Crawled caption data
◇ ◇ ◇ ◇ ◇
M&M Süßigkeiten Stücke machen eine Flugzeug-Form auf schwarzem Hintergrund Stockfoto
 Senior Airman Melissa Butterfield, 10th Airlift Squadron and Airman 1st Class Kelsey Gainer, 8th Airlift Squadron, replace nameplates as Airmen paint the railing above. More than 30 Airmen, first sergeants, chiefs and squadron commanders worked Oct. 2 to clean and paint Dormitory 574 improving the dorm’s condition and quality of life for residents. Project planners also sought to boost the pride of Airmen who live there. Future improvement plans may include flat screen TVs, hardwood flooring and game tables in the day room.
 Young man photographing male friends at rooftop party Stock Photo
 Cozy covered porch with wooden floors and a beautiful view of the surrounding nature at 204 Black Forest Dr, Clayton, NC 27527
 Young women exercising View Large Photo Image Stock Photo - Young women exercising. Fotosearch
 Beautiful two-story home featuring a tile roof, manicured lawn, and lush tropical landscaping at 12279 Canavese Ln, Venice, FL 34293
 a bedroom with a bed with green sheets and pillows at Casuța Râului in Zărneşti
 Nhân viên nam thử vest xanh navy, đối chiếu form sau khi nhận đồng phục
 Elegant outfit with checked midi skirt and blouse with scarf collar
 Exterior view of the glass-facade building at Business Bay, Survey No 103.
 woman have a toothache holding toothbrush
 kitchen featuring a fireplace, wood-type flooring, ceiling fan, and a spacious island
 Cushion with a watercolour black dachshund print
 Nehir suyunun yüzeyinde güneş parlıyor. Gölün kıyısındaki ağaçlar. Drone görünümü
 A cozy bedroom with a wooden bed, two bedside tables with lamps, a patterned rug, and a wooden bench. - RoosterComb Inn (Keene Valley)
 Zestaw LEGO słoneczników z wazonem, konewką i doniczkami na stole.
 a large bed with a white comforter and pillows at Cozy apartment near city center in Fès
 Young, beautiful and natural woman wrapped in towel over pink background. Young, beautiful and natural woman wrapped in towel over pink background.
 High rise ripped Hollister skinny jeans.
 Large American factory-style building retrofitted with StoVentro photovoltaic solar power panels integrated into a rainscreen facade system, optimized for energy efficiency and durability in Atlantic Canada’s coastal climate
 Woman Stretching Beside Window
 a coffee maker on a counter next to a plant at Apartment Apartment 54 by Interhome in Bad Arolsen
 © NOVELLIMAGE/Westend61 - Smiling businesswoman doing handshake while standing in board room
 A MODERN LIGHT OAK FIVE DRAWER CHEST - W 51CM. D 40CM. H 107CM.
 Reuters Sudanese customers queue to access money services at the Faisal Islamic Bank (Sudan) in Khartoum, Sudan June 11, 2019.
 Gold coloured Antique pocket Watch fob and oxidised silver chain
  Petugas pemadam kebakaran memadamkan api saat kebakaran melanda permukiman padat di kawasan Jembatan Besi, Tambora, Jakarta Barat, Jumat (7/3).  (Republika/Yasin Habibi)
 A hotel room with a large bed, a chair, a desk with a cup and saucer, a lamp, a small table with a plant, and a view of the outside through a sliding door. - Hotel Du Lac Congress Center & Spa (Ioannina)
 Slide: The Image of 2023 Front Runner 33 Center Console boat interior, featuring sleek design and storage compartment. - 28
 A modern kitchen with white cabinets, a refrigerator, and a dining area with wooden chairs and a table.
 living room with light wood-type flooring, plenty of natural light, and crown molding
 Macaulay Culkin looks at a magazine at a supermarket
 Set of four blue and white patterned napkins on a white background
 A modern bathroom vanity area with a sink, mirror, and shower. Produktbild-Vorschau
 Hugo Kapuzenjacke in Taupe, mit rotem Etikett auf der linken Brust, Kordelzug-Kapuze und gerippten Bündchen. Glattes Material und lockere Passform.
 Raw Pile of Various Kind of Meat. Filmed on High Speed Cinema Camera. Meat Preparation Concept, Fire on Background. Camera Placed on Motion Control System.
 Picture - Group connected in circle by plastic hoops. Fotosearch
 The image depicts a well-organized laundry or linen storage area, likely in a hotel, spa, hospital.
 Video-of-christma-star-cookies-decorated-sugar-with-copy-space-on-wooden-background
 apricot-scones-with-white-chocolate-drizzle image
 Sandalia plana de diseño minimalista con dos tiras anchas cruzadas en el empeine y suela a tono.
◇ ◇ ◇ ◇ ◇
## WORK REQUEST
Quote the data above from the line containing "Exterior view of" to the line containing "Cushion with a", inclusive, and stop.

## FINISHED EXERCISE
 Exterior view of the glass-facade building at Business Bay, Survey No 103.
 woman have a toothache holding toothbrush
 kitchen featuring a fireplace, wood-type flooring, ceiling fan, and a spacious island
 Cushion with a watercolour black dachshund print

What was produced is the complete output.